▶ [Data for this task]:
▬▬▬

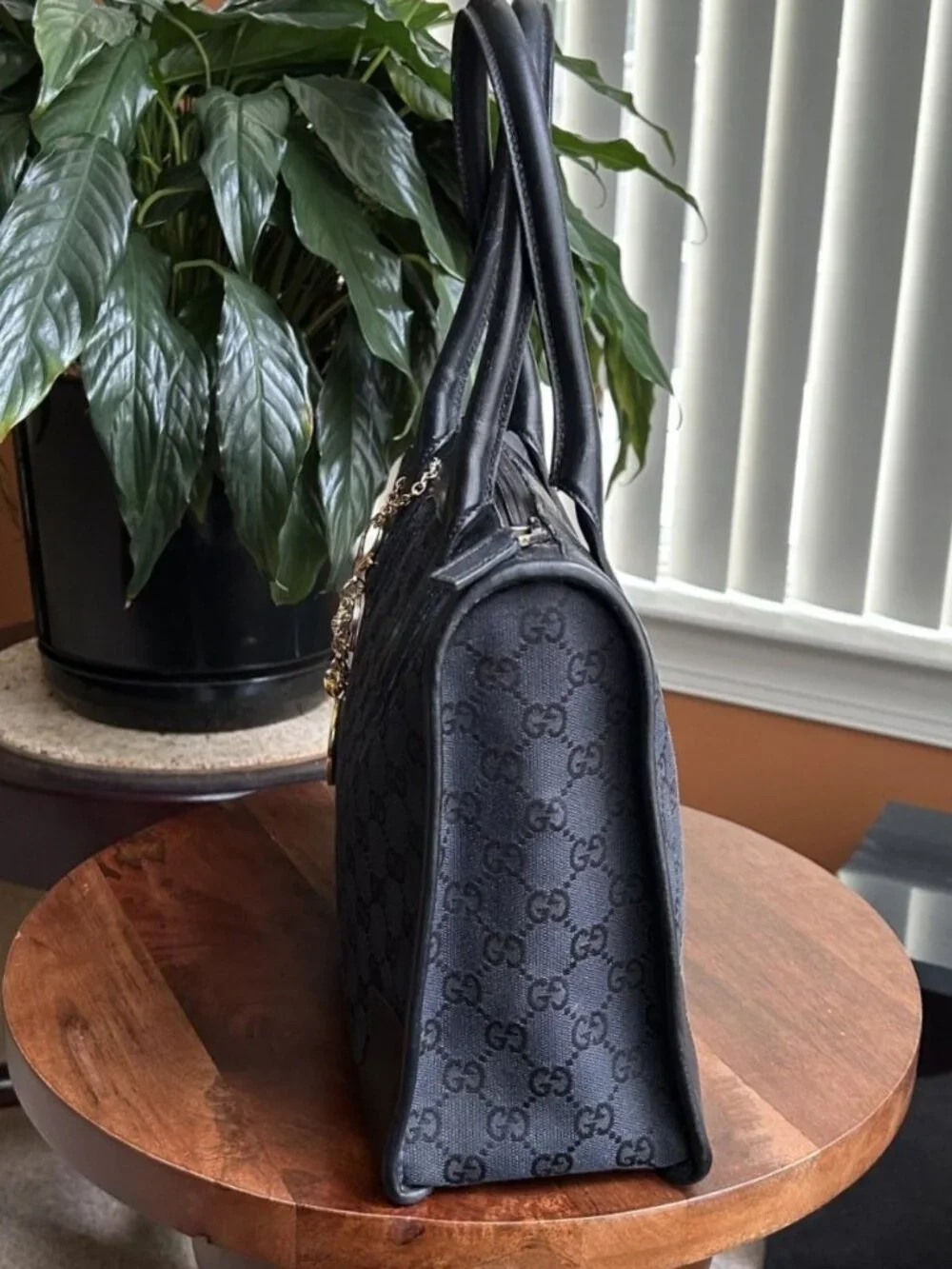 GUCCI GG Supreme Monogram Calfskin Tote, Black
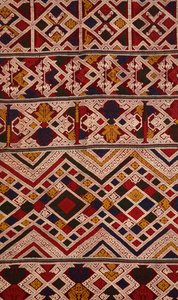 Detalje af en phaa sabai lavet af Tai Nuea eller Tai Daeng vævere fra Hua Phan, Laos (tekstil)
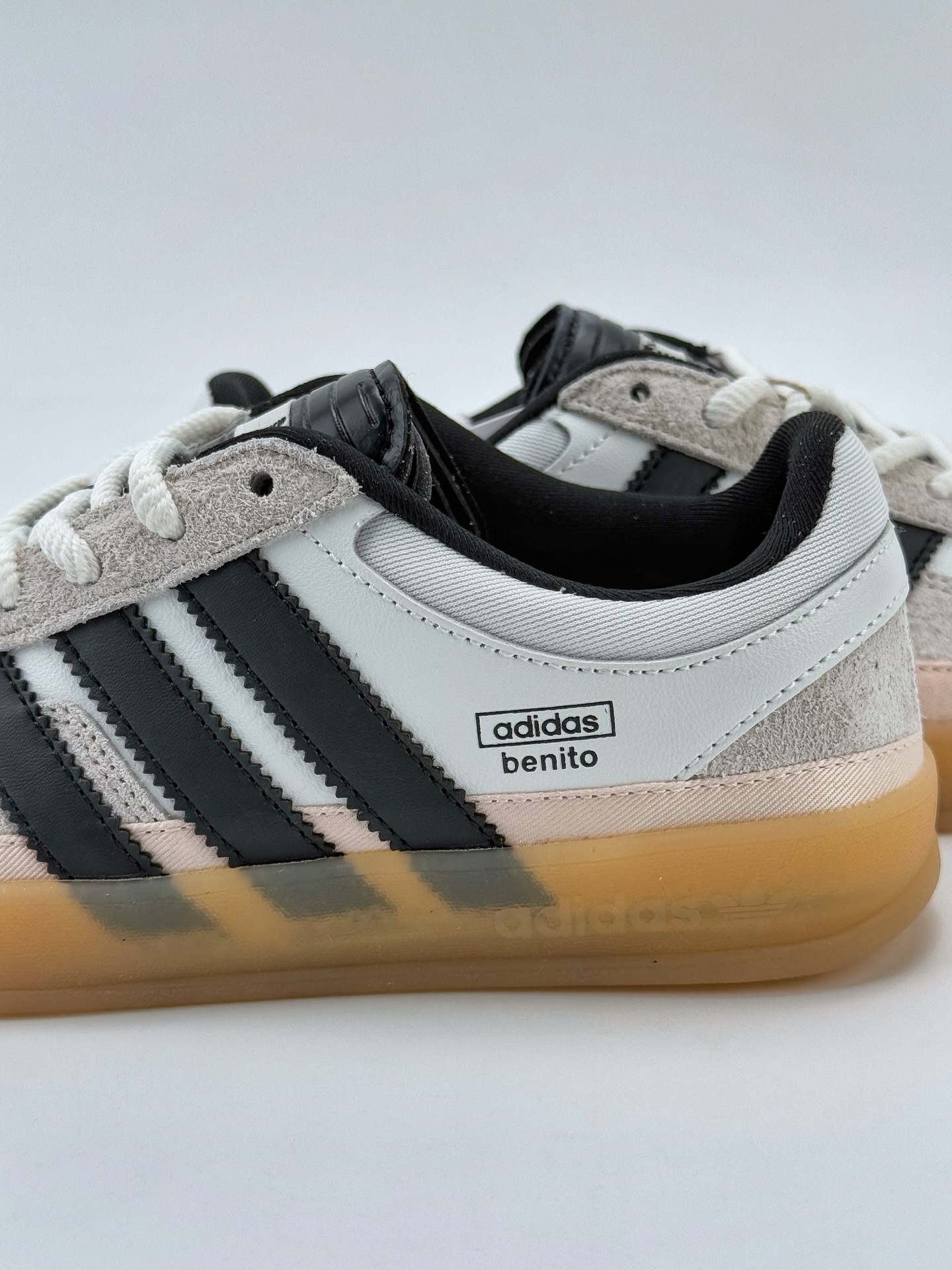 adidas Originals Gazelle INdoor x Bad Bunny 坏痞兔白黑 三叶草休闲防滑耐磨低帮板鞋  IF9735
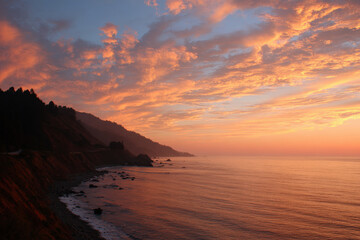 Obraz premium breathtaking sunrise over high cliff illuminating sky with warm hues of orange pink and gold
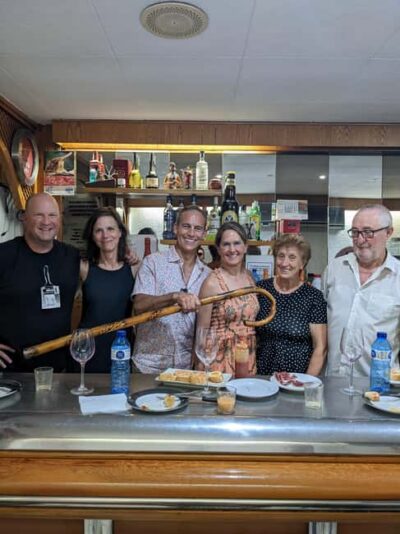 Barcelona: Hidden Bars and Authentic Tapas Journey - Meeting at Carrer de València and finding your starting point fast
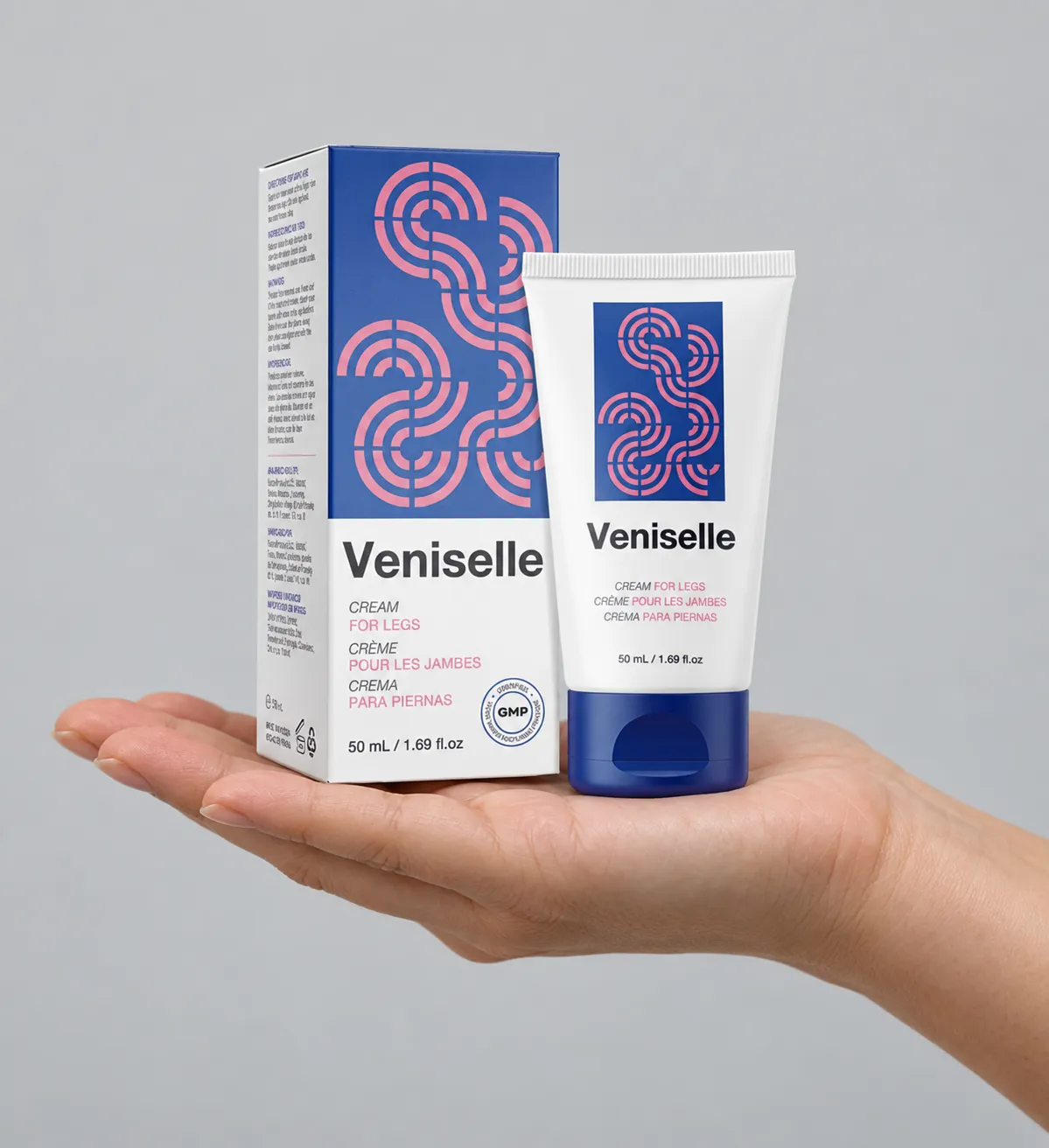 Veniselle — the package held in a hand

▬▬▬

▶ [Exercise aim]:
What are the lines from the one containing "Obraz premium breathtaking" through the end of the records? Write them out exactly, leaving out the pictures.

▶ [Exercise result]:
 Obraz premium breathtaking sunrise over high cliff illuminating sky with warm hues of orange pink and gold
 Barcelona: Hidden Bars and Authentic Tapas Journey - Meeting at Carrer de València and finding your starting point fast
 Veniselle — the package held in a hand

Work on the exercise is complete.